Texas Department of Public Safety Director Steve McCraw faced the families of Robb Elementary School shooting victims last week in a public meeting. Despite admissions of mistakes at the incident which claimed 21 lives and injured 18 others, McCraw defended the agency.
“If DPS as an institution — as an institution — failed the families, failed the school or failed the community of Uvalde, then absolutely I need to go,” McCraw said during a heated Public Safety Commission meeting according to the Texas Tribune. “But I can tell you this right now: DPS as an institution, right now, did not fail the community — plain and simple.”
His words did little to mollify the crowd, and McGraw further enraged them when he said he was “sorry for your loss.” The crowd openly called for his resignation. Lives Robbed, a group founded after the killing to push for gun reform and school safety, called the public meeting a “glorified press conference.”
“Today, The Department of Public Safety promised an update into their investigation of the Robb Elementary School shooting,” the statement read. “That did not happen. Instead, in a bait and switch, they hosted a glorified press conference and once again refused to accept responsibility for their failures.”
Since the massacre, DPS has been accused of botching the police response that allowed the shooter to continue his rampage. A report from the Texas House Committee on the crime baldly stated that DPS should have assumed command of the situation, but did not. There were 91 members of DPS on the scene, as well as 149 United States Border Patrol Officers.

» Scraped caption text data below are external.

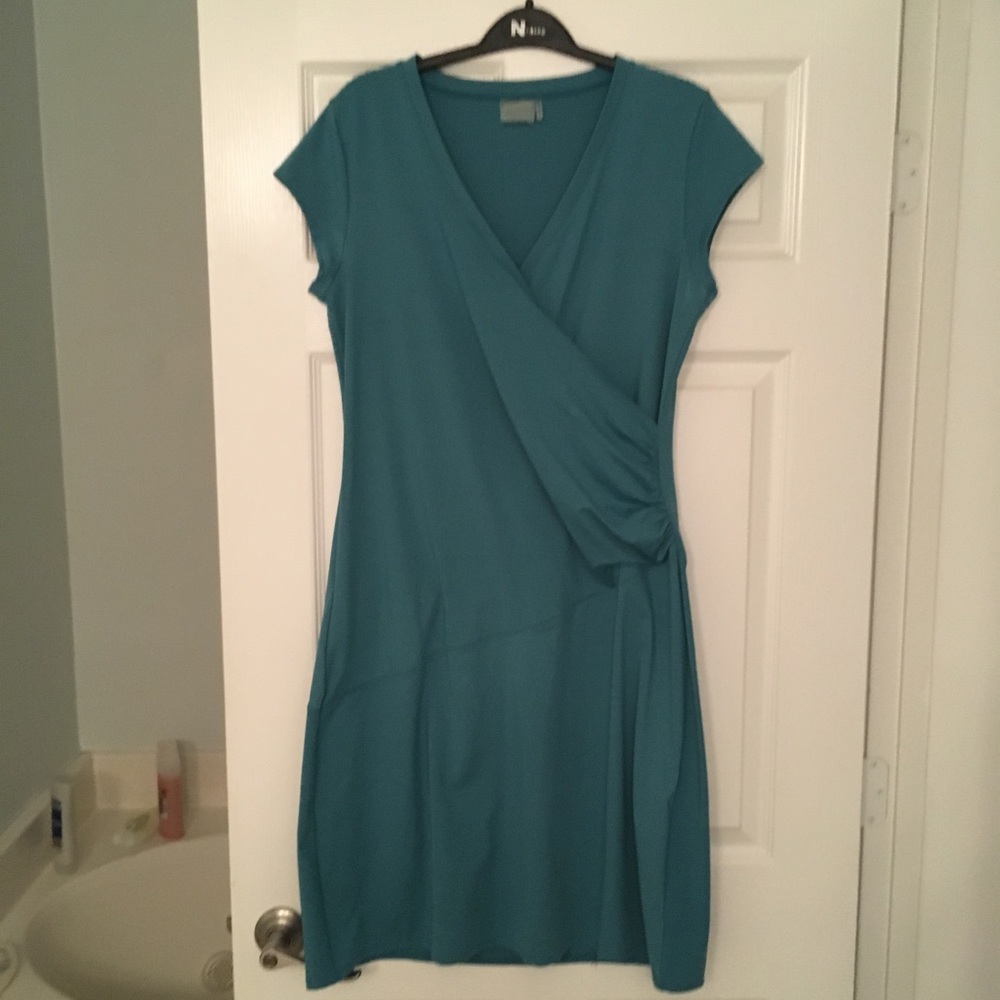 ATHLETA dress, adorable and comfy, size L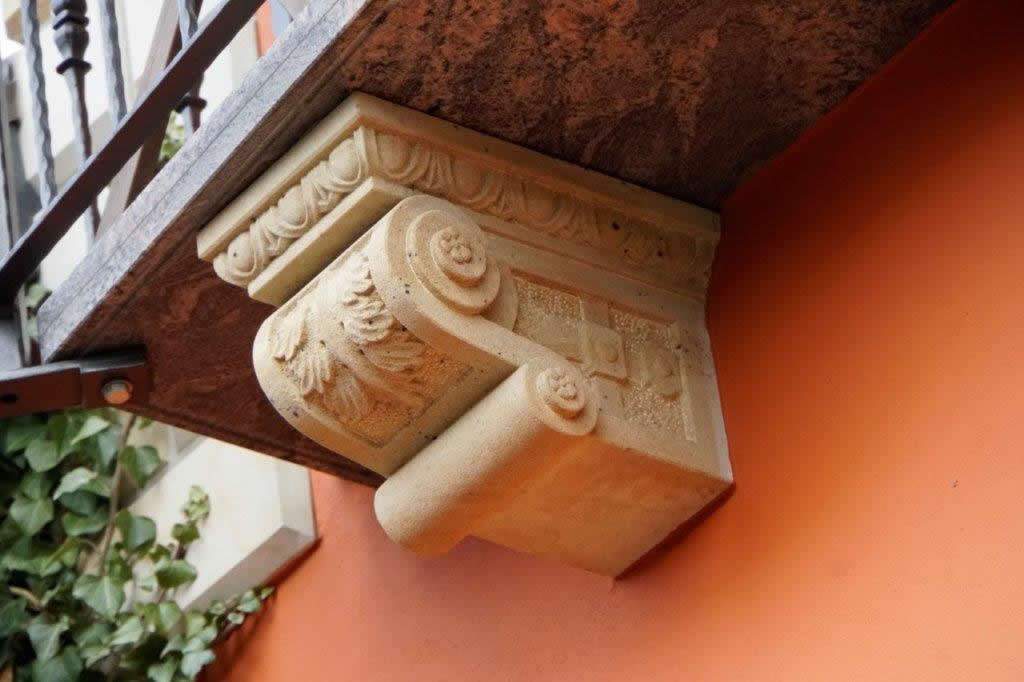  Fenstergewände mit Konsolen und Ornamenten aus Naturstein Detail 11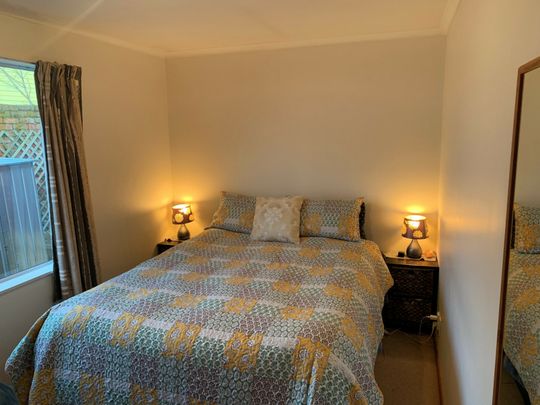 Sun, space and convenience - Photo 1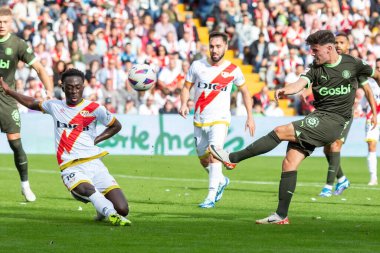 Madrid, İspanya - 11 Kasım 2023: Madrid 'de Rayo Vallecano ve Girona arasında oynanan futbol maçı. Girona 'nın Vallecas' taki zaferi. Girona oyuncuları.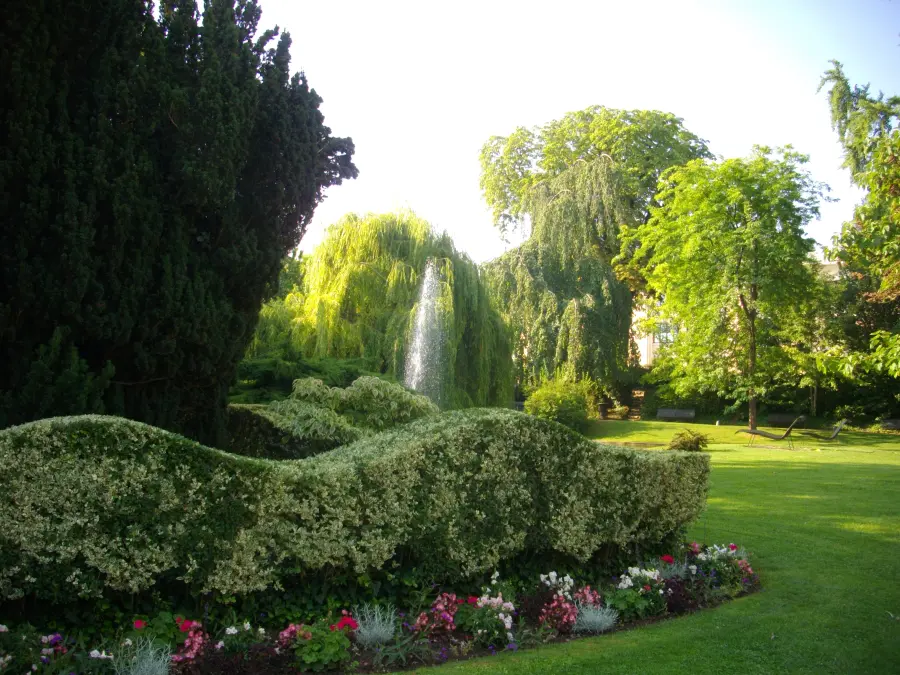 Jardin de l'Hôtel de Ville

“There was an overall lackadaisical approach by law enforcement at the scene,” the report concludes. “For many, that was because they were given and relied upon inaccurate information. For others, they had enough information to know better.”

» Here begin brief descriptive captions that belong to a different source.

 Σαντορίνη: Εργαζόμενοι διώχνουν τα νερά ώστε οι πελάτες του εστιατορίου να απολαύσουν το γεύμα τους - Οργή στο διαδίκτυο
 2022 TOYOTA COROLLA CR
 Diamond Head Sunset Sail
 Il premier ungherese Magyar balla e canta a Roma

McCraw did admit that the incident was not adequately treated as an active shooter, and that officers waited too long for equipment like shields before trying to stop the killing. Multiple DPS officers are being investigated for their role in the shooting, and a report is expected by the end of the year. One officer, Sgt. Juan Maldonado, who was the first to arrive at the school, has been fired.

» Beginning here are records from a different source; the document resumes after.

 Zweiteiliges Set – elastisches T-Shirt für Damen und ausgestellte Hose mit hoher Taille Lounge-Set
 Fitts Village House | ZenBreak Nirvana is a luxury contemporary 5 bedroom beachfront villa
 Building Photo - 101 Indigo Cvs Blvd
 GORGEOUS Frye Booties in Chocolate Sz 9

Nonetheless, the public meeting only seems to have made the families of the Robb Elementary shooting angrier. McGraw’s defense of DPS fell on deaf ears. An uncle of one victim called what was being said lies and misinformation, and said that DPS’ deflection was preventing everyone from beginning the healing process.
That there was profound incompetency at Robb Elementary that day no one seems to dispute. However, state agencies from the bottom up have repeatedly passed the buck when it comes to assigning blame for those failures or addressing the next attempted shooting with new policies. Frazzled and contrite as McGraw appeared to be during the meeting, he clearly has no intention of giving up his post, even when it is outright demanded from the survivors of Texas’ worst school shooting ever.